Source material:
======

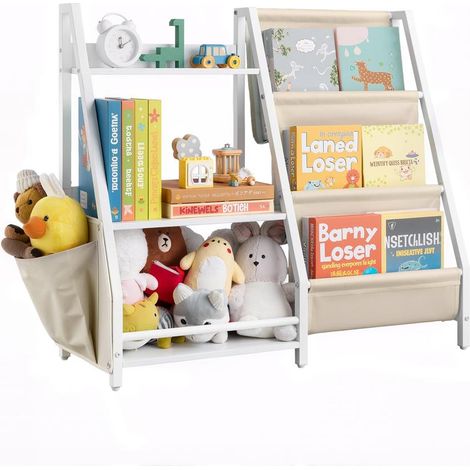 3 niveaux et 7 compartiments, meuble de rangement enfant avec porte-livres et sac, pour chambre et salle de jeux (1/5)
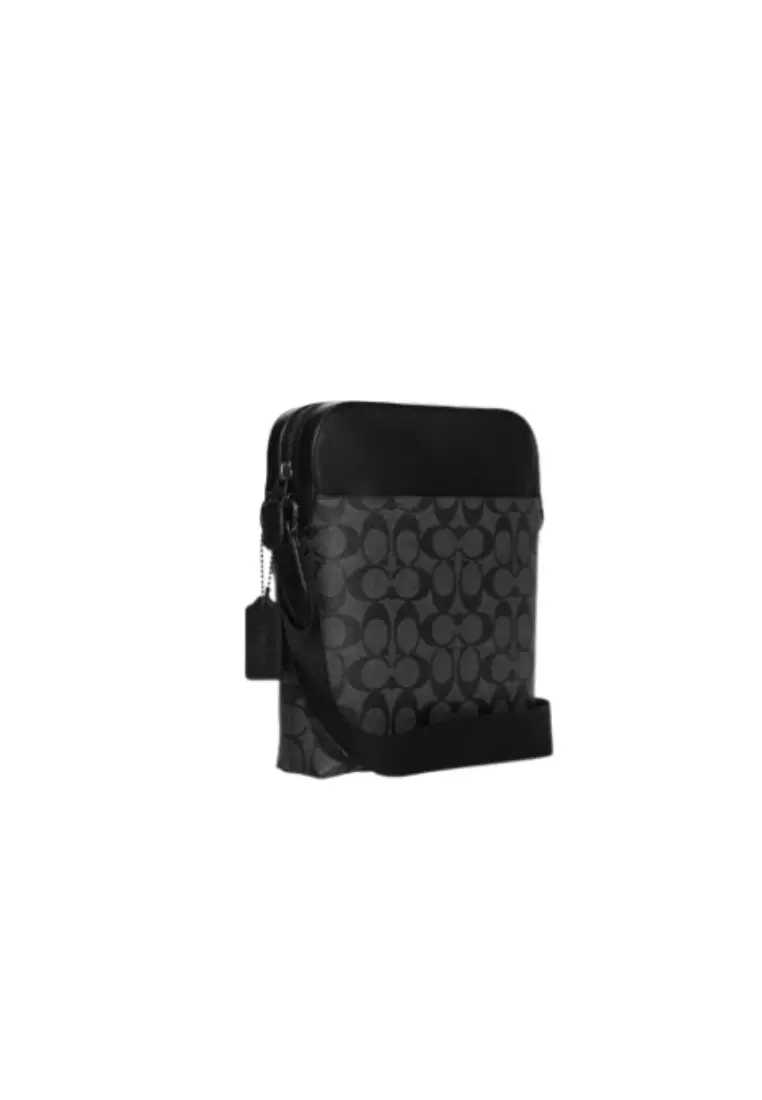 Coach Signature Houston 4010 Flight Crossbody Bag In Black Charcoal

======

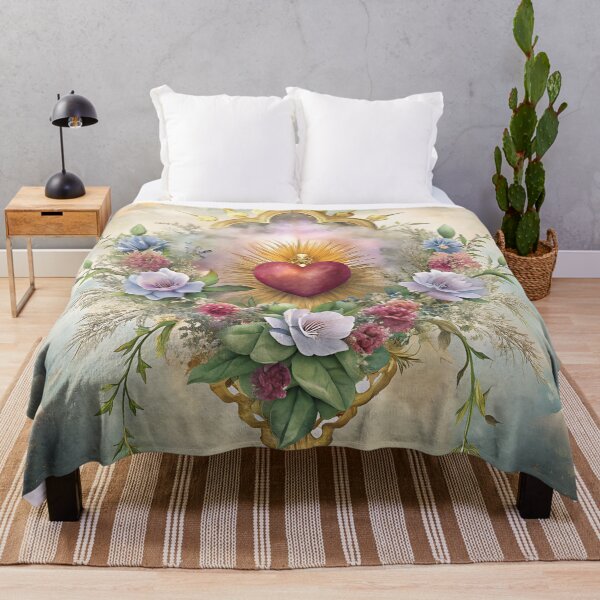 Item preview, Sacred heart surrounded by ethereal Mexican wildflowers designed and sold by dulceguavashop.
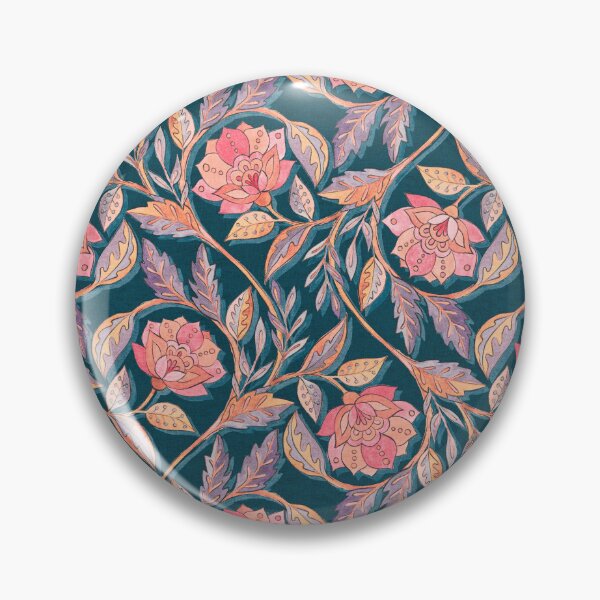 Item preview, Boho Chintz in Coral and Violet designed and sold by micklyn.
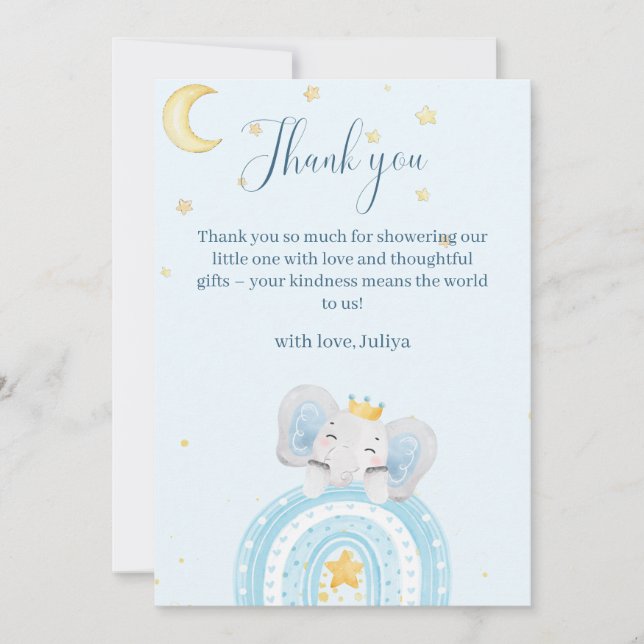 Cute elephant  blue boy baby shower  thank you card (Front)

======

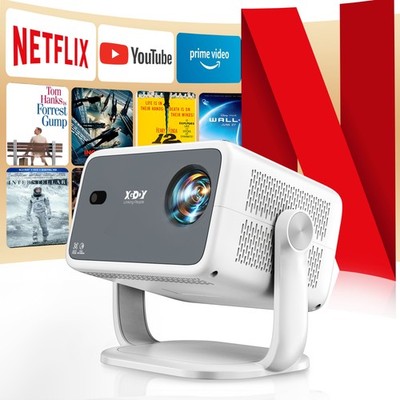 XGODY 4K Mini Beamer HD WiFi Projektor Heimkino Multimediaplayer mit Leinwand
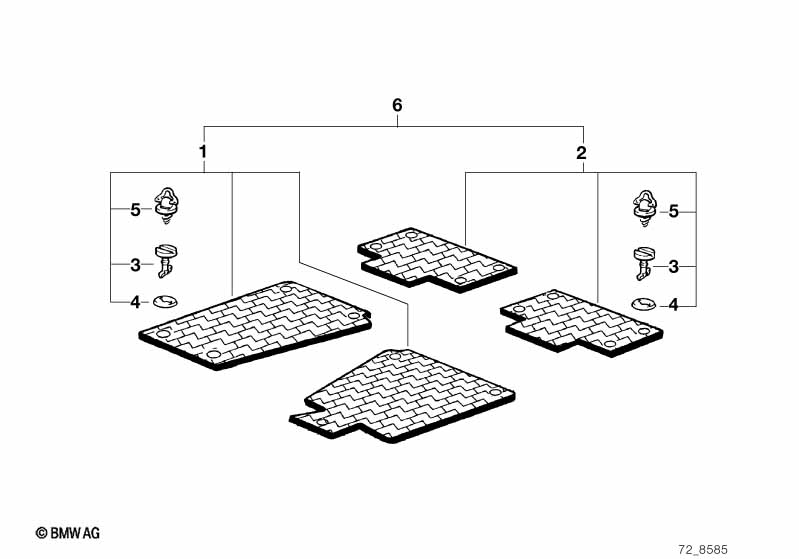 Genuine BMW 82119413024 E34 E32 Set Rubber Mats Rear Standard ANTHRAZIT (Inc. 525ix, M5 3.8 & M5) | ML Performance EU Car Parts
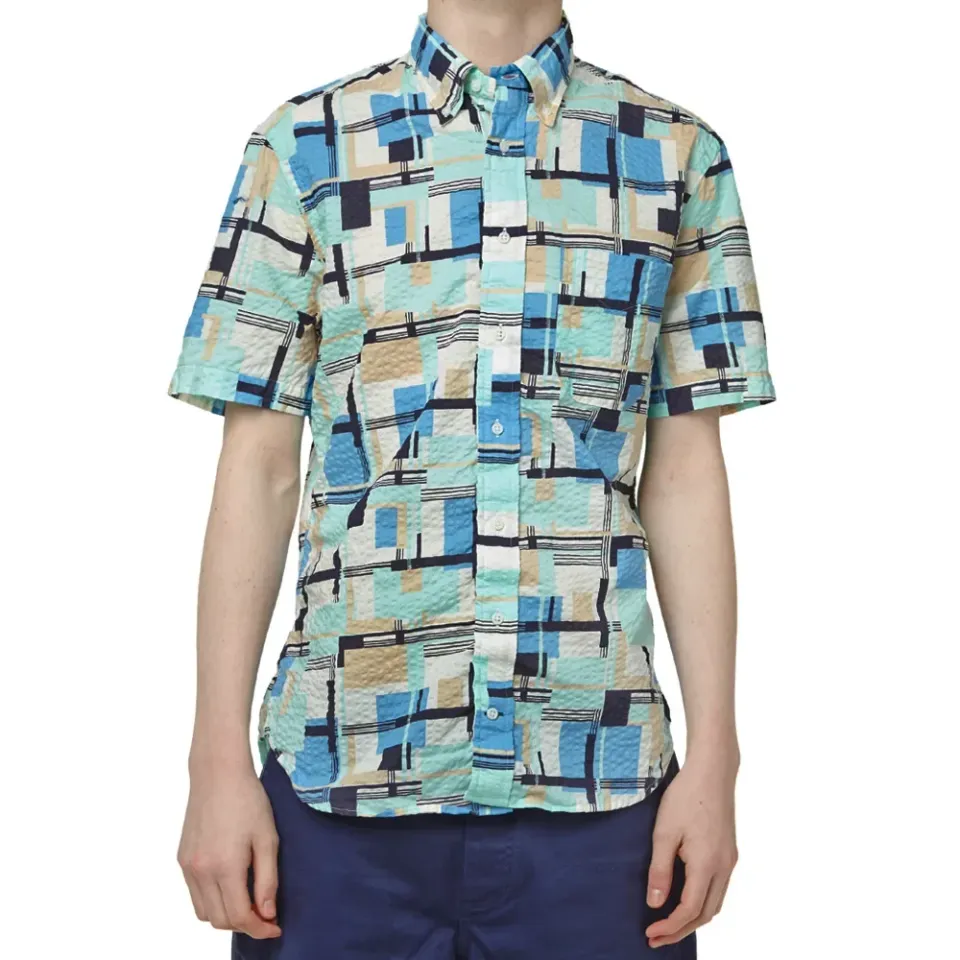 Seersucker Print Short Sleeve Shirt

======

Problem requirements:
In the listing above, find the line containing "Item preview, Sacred" and the line containing "you card (Front)". Print those two lines and every line between them exactly, with no pictures.

Your solution:
 Item preview, Sacred heart surrounded by ethereal Mexican wildflowers designed and sold by dulceguavashop.
 Item preview, Boho Chintz in Coral and Violet designed and sold by micklyn.
 Cute elephant  blue boy baby shower  thank you card (Front)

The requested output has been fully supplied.